Putting Storage Spaces Write-Back Cache To The Test
What does this look like? I set up a Scale-Out File Server that uses a DataOn DNS-1640D JBOD. The 2 SOFS cluster nodes are each attached to the JBOD via dual port LSI 6 Gbps SAS adapters. In the JBOD there is a tier of 2 * STEC SSDs (4-8 SSDs is a recommended starting point for a production SSD tier) and a tier of 8 * Seagate 10K HDDs. I created 2 * 2-way mirrored virtual disks in the clustered Storage Space:
- CSV1: 50 GB SSD tier + 150 GB HDD tier with 5 GB write cache size (WBC enabled)
- CSV2: 200 GB HDD tier with no write cache (no WBC)
Note: I have 2 SSDs (sub-optimal starting point but it’s a lab and SSDs are expensive) so CSV1 has 1 column.

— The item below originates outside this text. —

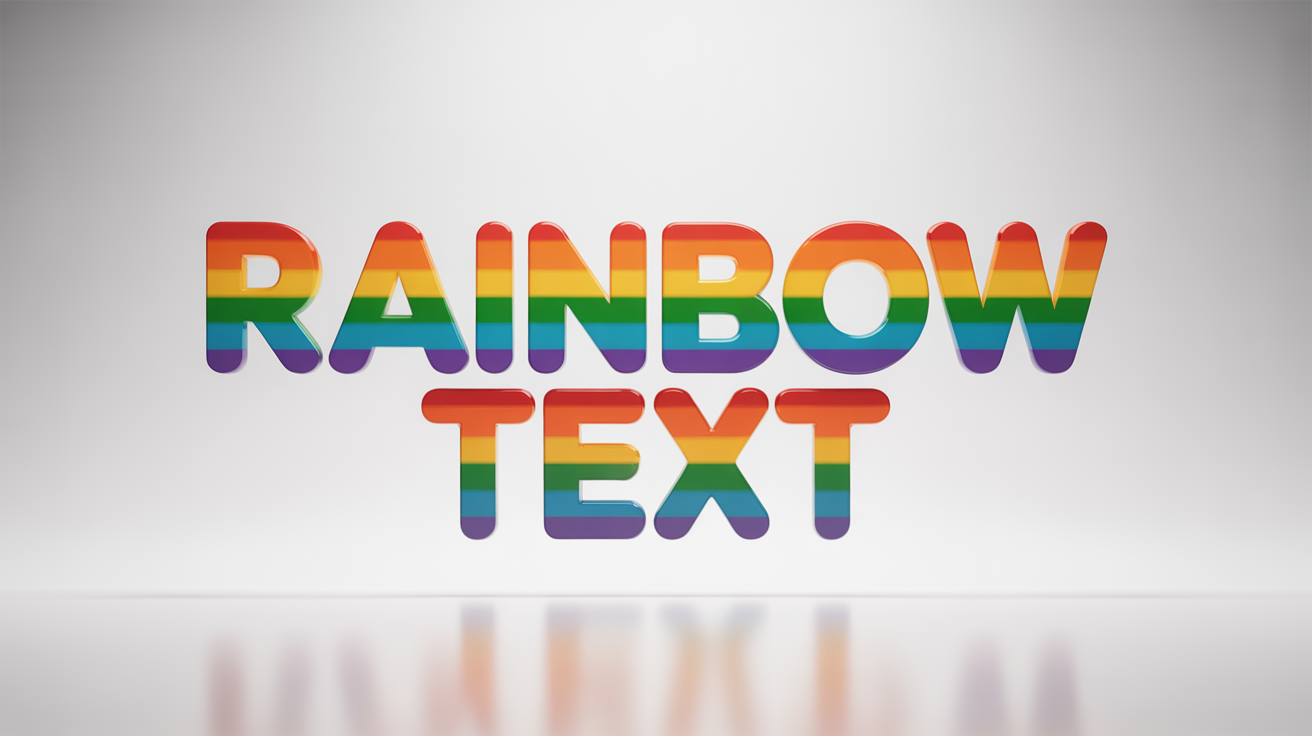 A graphic design mockup showing the words 'RAINBOW TEXT' in a bold font with a vibrant rainbow color gradient, set against a plain white background, creating a 3D effect.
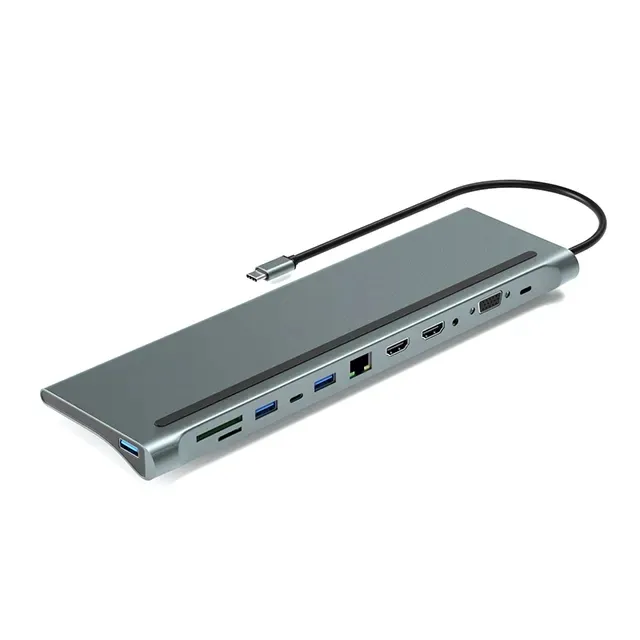 Penjualan Laris 12 IN 1 Tipe C Ke HD USB3.0 PD Pengisian Daya Kartu SD TF Hub USB Multifungsi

CSV2 has 4 columns.
Each virtual disk was converted into a CSV, CSV1 and CSV2. A share was created on each CSV and shared as \\Demo-SOFS1\CSV1 and \\Demo-SOFS1\CSV2. Yeah, I like naming consistency
Then I logged into a Hyper-V host where I have installed SQLIO. I configured a couple of params.txt files, one to use the WBC-enabled share and the other to use the WBC-disabled share:
- Param1.TXT: \\demo-sofs1\CSV1\testfile.dat 32 0×0 1024
- Param2.TXT \\demo-sofs1\CSV2\testfile.dat 32 0×0 1024
I pre-expanded the test files that would be created in each share by running:
- "C:\Program Files (x86)\SQLIO\sqlio.exe" -kW -s5 -fsequential -o4 –b64 -F"C:\Program Files (x86)\SQLIO\param1.txt"
- "C:\Program Files (x86)\SQLIO\sqlio.exe" -kW -s5 -fsequential -o4 -b64 -F"C:\Program Files (x86)\SQLIO\param2.txt"
And then I ran a script that ran SQLIO with the following flags to write random 64 KB blocks (similar to VHDX) for 30 seconds:
- "C:\Program Files (x86)\SQLIO\sqlio.exe" -BS -kW -frandom -t1 -o1 -s30 -b64 -F"C:\Program Files (x86)\SQLIO\param1.txt"
- "C:\Program Files (x86)\SQLIO\sqlio.exe" -BS -kW -frandom -t1 -o1 -s30 -b64 -F"C:\Program Files (x86)\SQLIO\param2.txt"
That gave me my results:
To summarise the results:
The WBC-enabled share ran at:
- 2258.60 IOs/second
- 141.16 Megabytes/second
The WBC-disabled share ran at:
- 197.46 IOs/second
- 12.34 Megabytes/second
Storage Spaces Write-Back Cache enabled the share on CSV1 to run 11.44 times faster than the non-enhanced share!!! Everyone’s mileage will vary depending on number of SSDs versus HDDs, assigned cache size per virtual disk, speed of SSD and HDD, number of columns per virtual hard disk, and your network. But one thing is for sure, with just a few SSDs, I can efficiently cater for brief spikes in write operations by the services that I am storing on my Storage Pool.